Horst Molkenbuhr still recalls the day in 1948 when the first American C-47 planes landed at the Tempelhof airport, bringing supplies to a city shut off from the world by Soviet tanks. Coming in the wake of World War II, the Allied airlift was remarkable not only for supplying Berlin solely by air for nine months, but for dissolving the intense distrust between West Berliners and US troops stationed in their neighborhoods.

"The American military hated us. They thought we were all Nazis," recalls Mr. Molkenbuhr. "It was during the airlift that enemies became friends."

As Berliners prepare to vote on Sunday in a referendum over whether to keep the historic Tempelhof airport open, the city is once again divided along cold war lines. For Tempelhof's supporters – West Berliners such as Molkenbuhr who remember how the Allies kept them alive during the Soviet blockade, the airport is a symbol of their struggle to withstand communism and the friendships they developed. But for East Germans, there was no airlift and no Marshall Plan to help rebuild a country devastated by bombing.

"For West Germans, Tempelhof is a symbol of freedom; it's not just another airport. But the eastern Germans do not share this emotional attachment," says Gerd Langguth, political scientist at Rheinische Friedrich Wilhem University in Bonn. Indeed, an opinion poll by the Infratest Dimap polling agency shows that 60 percent of West Berliners want to keep Tempelhof open, compared with just 35 percent of East Berliners.

The city government, a leftist coalition of Social Democrats and former East German communists, wants to close the airport in October as part of a plan to consolidate the city's three small airports into a massive new Berlin Brandenburg International airport, which is under construction and is expected to open in 2012.

But what seemed like a done deal has suddenly become one of the most divisive political issues in the city in years. Opposition began in earnest earlier this year when a ragtag band of hobby pilots and business charter airlines gained enough support to force the city to hold a referendum.

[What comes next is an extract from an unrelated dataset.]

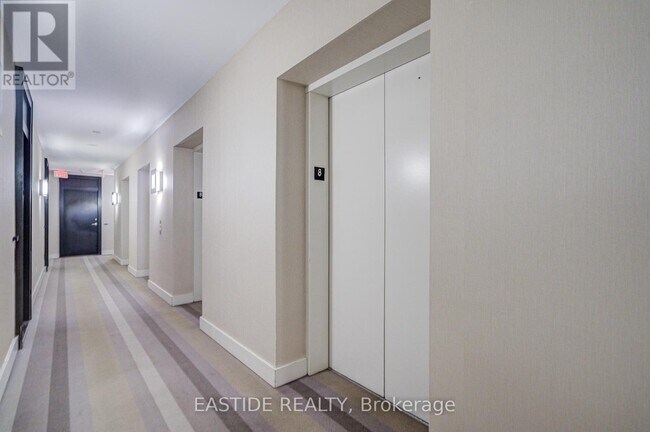 Photo du bâtiment - 33 Charles St E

Coming just a year before elections in Berlin, and at the federal level, the Tempelhof referendum has taken on national significance, with the two major parties – the Christian Democratic Union (CDU) and Social Democratic Party (SPD) who govern in a federal coalition – split on the issue.

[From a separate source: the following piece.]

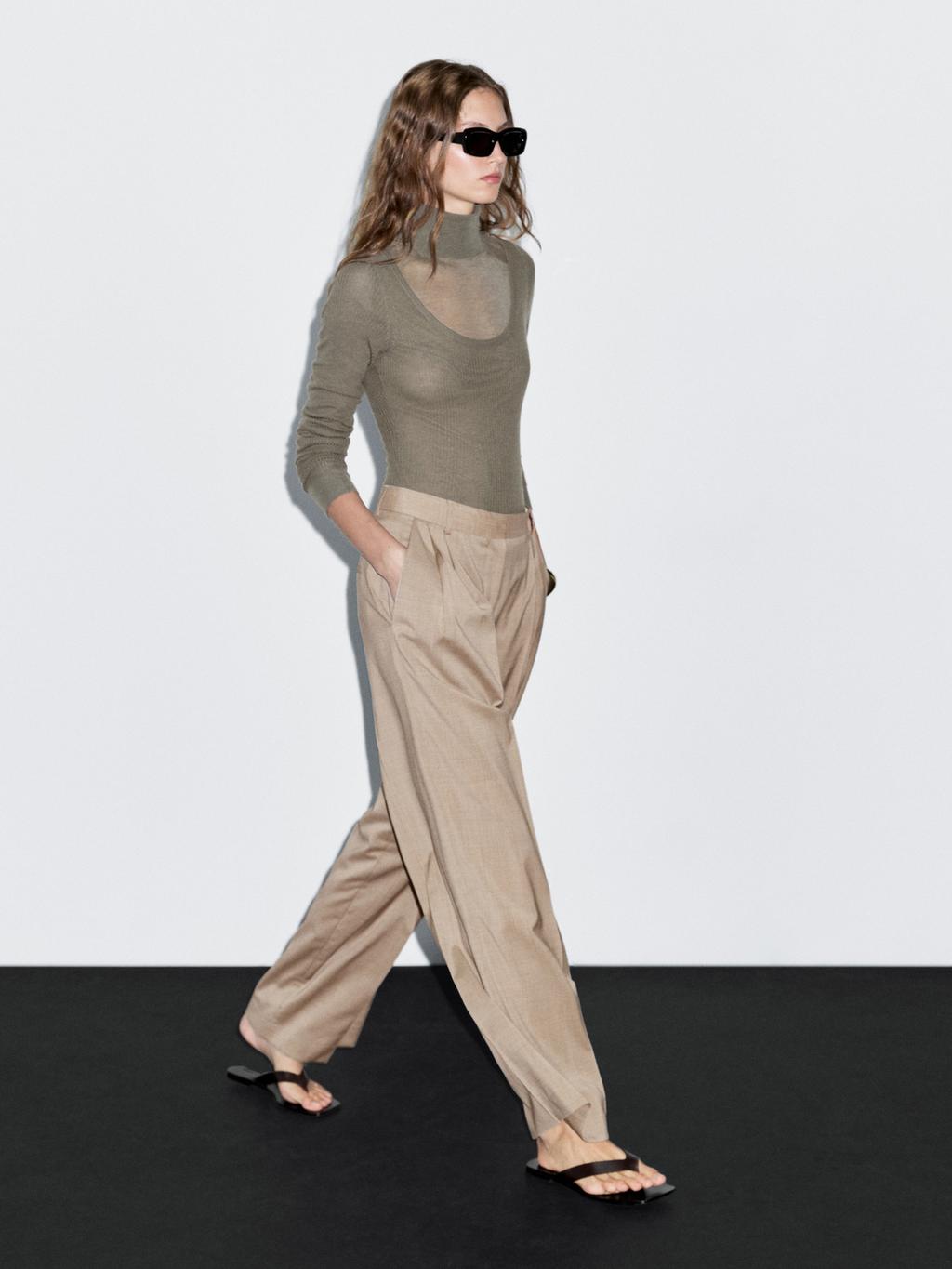 100% wool darted trousers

What Berlin mayor Klaus Wowereit has considered a municipal issue is now a matter that could determine his political future – and that of the SPD.

A leading figure in the SPD, Mr. Wowerweit has thrown his weight behind a "no" vote. If the city votes against him, it could deliver a blow not only to his aspirations of one day becoming chancellor; it could also hurt the SPD nationally if it led to Mr. Wowereit being dethroned.

"If the referendum is successful, it would be negative for the image of an important SPD politician," says Langguth. "Wowereit is considered to be one of the next generation of SPD leaders."